Consumer complaints about faulty consumer electronics have prompted Lithuania's Ministry of Justice to investigate whether goods sold in the country may be of inferior quality to those in Western Europe.
The European Commission recently adopted rules banning so-called dual-quality foods in the EU. The rule was pushed by Central and Eastern European member states that discovered identically-branded food had different ingredients in their shops and those in Western Europe.
Now, Lithuania wants to ascertain whether the same is not true for mobile phones, computers, TVs and other gadgets.
“There is a sense that electronics break down faster than in other countries, this myth has been around for a long time and everyone has heard it,” Justice Minister Elvinas Jankevičius told LRT TV. “It is important that we look into this, to confirm or refute this myth.”
The investigation will consist of purchasing consumer electronics in Lithuania and abroad and having forensic experts compare them, the minister says. However, it is yet unclear when the study will start.

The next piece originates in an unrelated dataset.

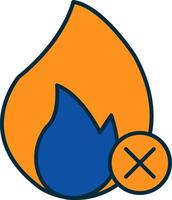 No Fire Line Filled Two Colors Icon vector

Consumer protection organisations point out that eight out of 10 consumer complaints filed last year concerned electronics. In many cases, gadgets failed soon after the end of the warranty period.

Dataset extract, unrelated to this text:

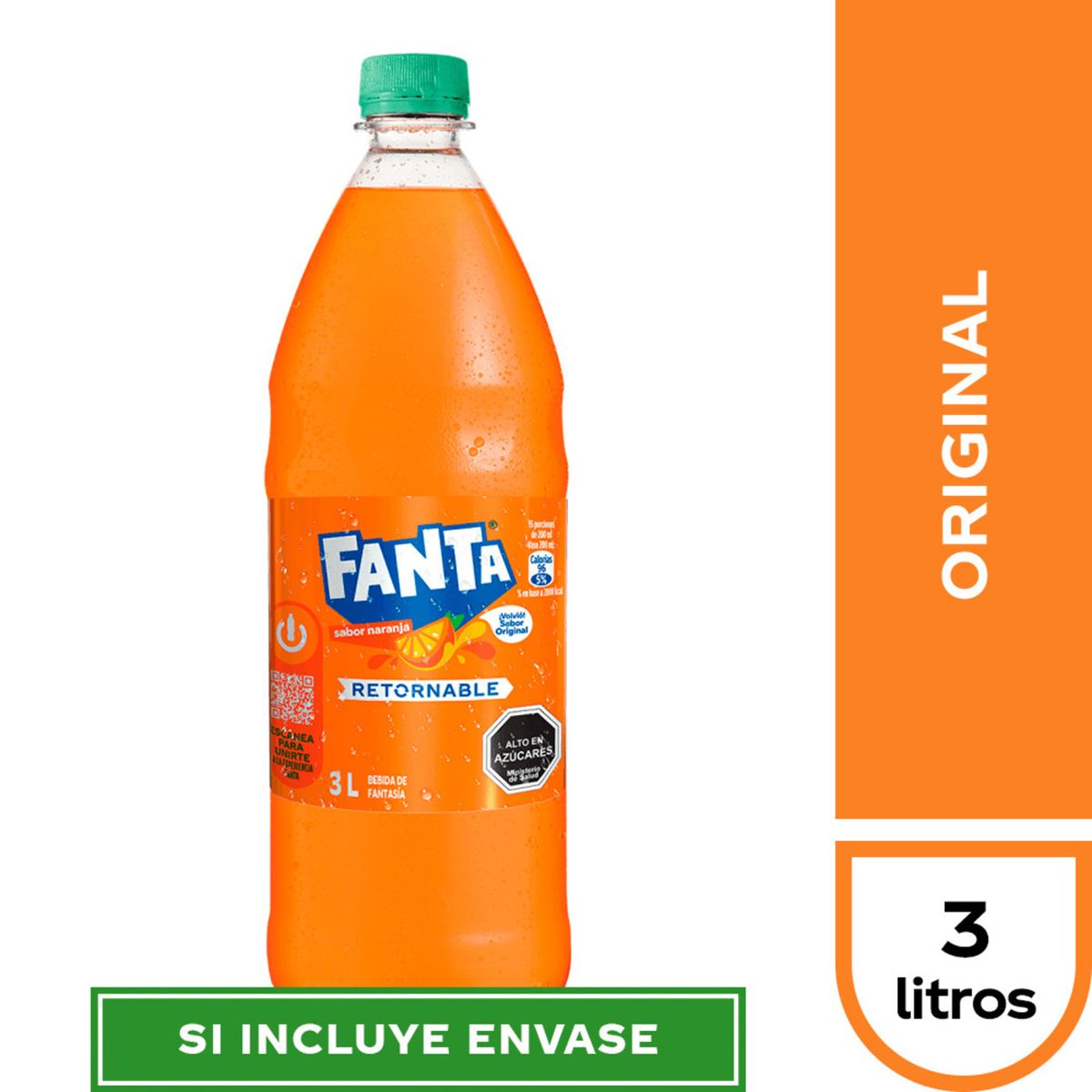 FANTA - Bebida Fanta Original Retornable 3 L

Meanwhile retailers reject the idea that makers could be supplying different gadgets to Lithuania and other markets.
“We receive computers that are identical to those in the rest of the world,” insists Juozas Eidukonis, a division manager at the online shop Kilobaitas. “Neither worse, nor better.”

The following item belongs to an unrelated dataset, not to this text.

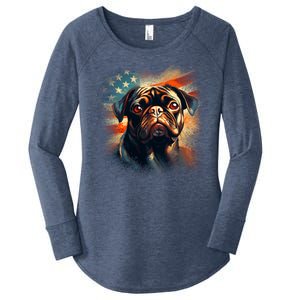 American Pug Women's Perfect Tri Tunic Long Sleeve Shirt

Other retailers say that some consumers are abusing rules in order to get their money back for perfectly good products.
“If [consumers] want to return a good item, one of the duties is to keep it in marketable appearance for 14 days,” says Andrius Visockis, the chief of service centre for the online electronics shop Varlė.
“I've had a case where a buyer brought a coffee maker full of cat hair. The client said: I have the right [to return the item], you clean it yourself.”